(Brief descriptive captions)
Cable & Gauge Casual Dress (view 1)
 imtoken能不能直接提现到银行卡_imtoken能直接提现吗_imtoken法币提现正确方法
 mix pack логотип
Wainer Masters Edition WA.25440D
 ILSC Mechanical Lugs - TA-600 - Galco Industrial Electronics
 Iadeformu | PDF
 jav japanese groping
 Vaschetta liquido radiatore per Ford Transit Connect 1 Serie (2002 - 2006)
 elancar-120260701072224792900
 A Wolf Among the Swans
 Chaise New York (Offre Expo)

- TASK INSTRUCTIONS:
The records above must be retyped in full. Keep each one exactly as it is.

- RESULT OF THIS TASK:
Cable & Gauge Casual Dress (view 1)
 imtoken能不能直接提现到银行卡_imtoken能直接提现吗_imtoken法币提现正确方法
 mix pack логотип
Wainer Masters Edition WA.25440D
 ILSC Mechanical Lugs - TA-600 - Galco Industrial Electronics
 Iadeformu | PDF
 jav japanese groping
 Vaschetta liquido radiatore per Ford Transit Connect 1 Serie (2002 - 2006)
 elancar-120260701072224792900
 A Wolf Among the Swans
 Chaise New York (Offre Expo)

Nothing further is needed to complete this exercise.